Lawmakers from both parties started to get word last night that it won’t be necessary to clear their schedules for a Monday veto session.
The June 25 date was reserved for the legislature to attempt to override any of the eight bills Democratic Gov. Dannel P. Malloy vetoed over the past few months.
But for the second year in a row, the Democrat-controlled General Assembly has decided against challenging the first Democratic governor in 20 years.
Some members were upset over Malloy’s veto last week of the campaign finance reforms, but they admitted didn’t have the two-thirds majority necessary to override it.

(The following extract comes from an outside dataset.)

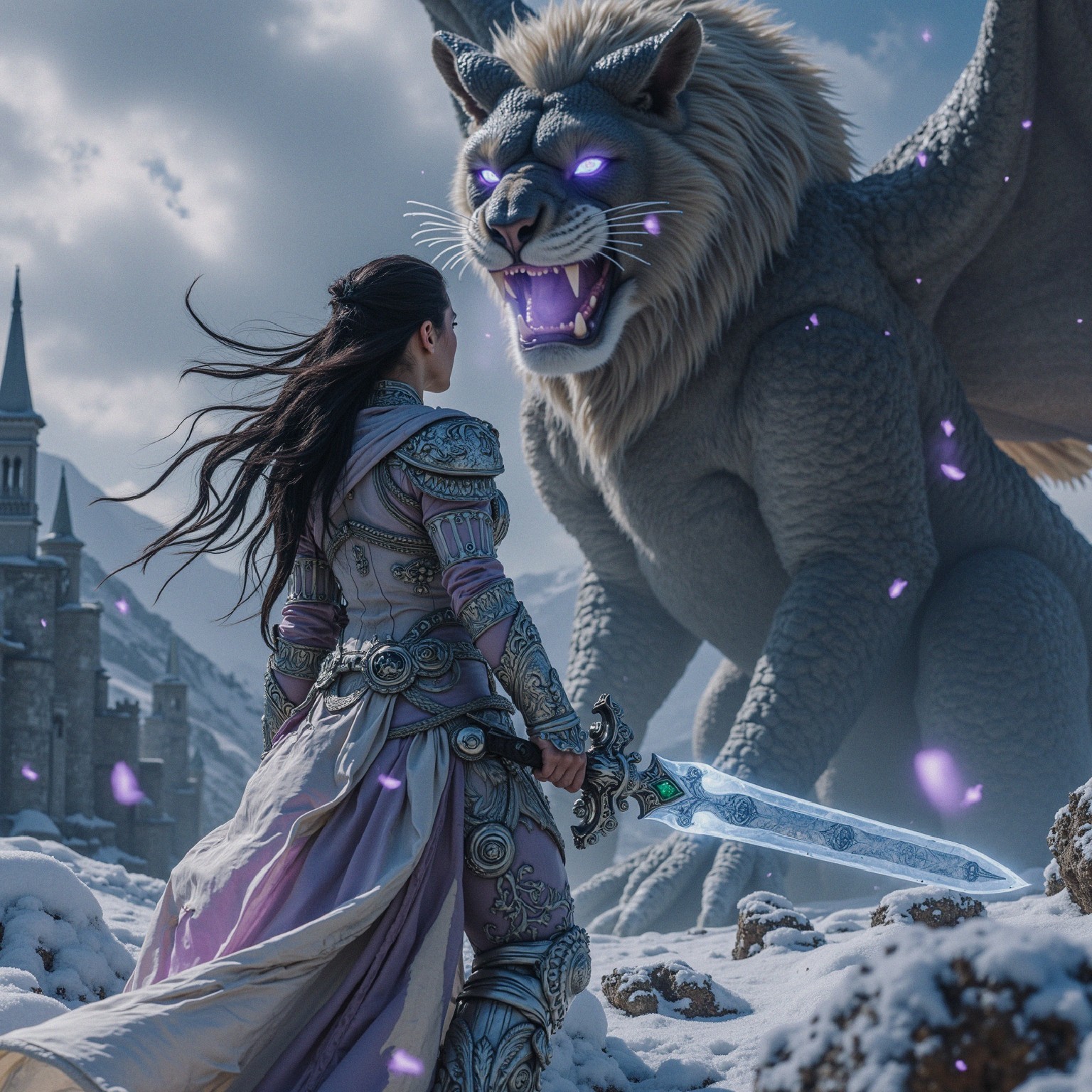 Warrior in Silver Armor Faces Mythical Lion Creature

That bill was an attempt to respond to the U.S. Supreme Court decision in the Citizens United case that allowed corporations, unions, and special interest groups to funnel unlimited funds into political campaigns. It aimed to shed light upon the election process by requiring corporations to disclose their campaign activity, but Malloy said he could not support it because of its “many legal and practical problems.”
House Majority Leader Brendan Sharkey said last week that they had tried to negotiate a compromise for last week’s special session, but the Malloy administration told them the problems were too numerous to address.
Asked if the issue can be addressed next year, Sharkey expressed concern that many lawmakers won’t survive the election in the absence of the bill.
The other seven bills Malloy vetoed didn’t seem to rise to the level of an override.
This year, Malloy signed 211 bills, and vetoed eight.
Last year Malloy vetoed six bills and signed 269 before the end of the year.